Indeed, in their silence they have only egged on the mobs that have in the past fifteen months laid Bangladesh low.
A few years ago, the acting chairperson of the Bangladesh Nationalist Party repeatedly spewed venom against Bangladesh’s founder by floating the ludicrous idea that the Father of the Nation had flown from Pakistan to Britain after his release from incarceration in January 1972 on a Pakistani passport.
He and his cohorts did not stop there, but went on to spread the canard that not Bangabandhu but General Ziaur Rahman was Bangladesh’s first President.
Conveniently overlooked was the fact that when Zia, at the time a major in the Pakistan army who had opted to revolt as the genocide by the Pakistan army got underway in March 1971, announced his message of independence, he did so in the name of ‘our great national leader Sheikh Mujibur Rahman.’
These days, a clutch of non-descript individuals, some of them allegedly retired military officers, have been going around spreading the sophistry that Bangabandhu was not around during the War of Liberation and hence had little idea of the sufferings the nation was put through.
These little men, for that is what they are, have little idea of history.
They have little understanding of the politics of Sheikh Mujibur Rahman. Or they are engaged in a vicious campaign to vilify him.
And yet Bangabandhu remains the single most potent symbol of Bangladesh’s history.
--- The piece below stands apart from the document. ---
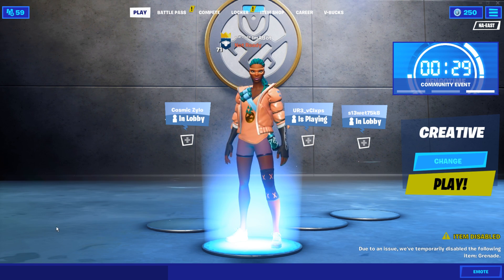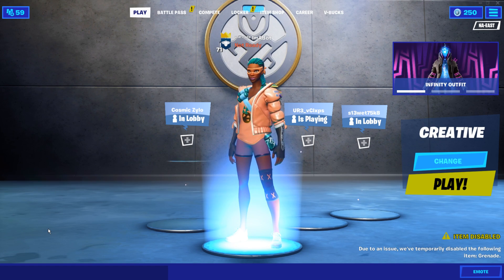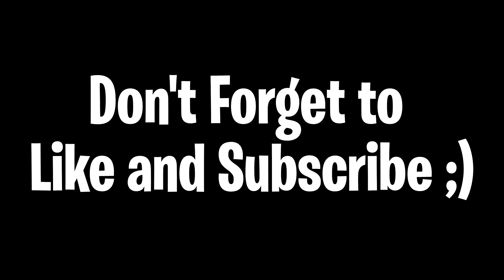What's good YouTube, it's your boy Flashy Finesse and today I wanted to talk to you guys about overclocking controllers and whether or not I think you should overclock your controller.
The truth is that his enemies have always lost in their struggle against the image of Bangabandhu.
There are all those men and women who have consistently, and without embarrassment, taken perverse pleasure in undermining Bangabandhu, both when he was alive and all these years since conspiracy caused his assassination.
There is quite something to be said about those Bengalis who somehow cannot rest easy with the place of Bangabandhu Sheikh Mujibur Rahman in history.
In the 1980s, Syed Najmuddin Hashim — civil servant, diplomat and eminent scholar — enlightened yours truly with remarkable tales of some Bengali civil service officers trapped in Pakistan in the aftermath of Bangladesh’s battlefield triumph in late 1971.
Dismissed from service by the government of Zulfikar Ali Bhutto and placed in discrete camps all over Pakistan, these Bengali officers spewed venom against Bangabandhu and even made the dire prediction that his new country would soon return to the fold of Pakistan.
These men had, after all, lost their cushy jobs and did not quite relish the prospect of working for a country that had till recently been a mere province of the state that now was disowning them.
And yet the irony is that these very men came home to Bangladesh and rose to high positions.
They proved relentless, though, in their antipathy towards Bangabandhu.
That only reminds you of the Bengali officer in Pakistan’s foreign service stationed at the Pakistan mission in Delhi in 1971.
On his annual leave he did not go to ‘East Pakistan’ but travelled to West Pakistan, where he quarrelled with other Bengalis and rudely described the Bengali liberation struggle as a conspiracy against Pakistan.
You only have to read the late General Khalilur Rahman’s book to go into the details.
He later became a valued ‘Bangladeshi nationalist’ in the BNP, rising to the position of a minister of state.
There is then the tale of a brother of an intellectual murdered on the eve of victory in 1971.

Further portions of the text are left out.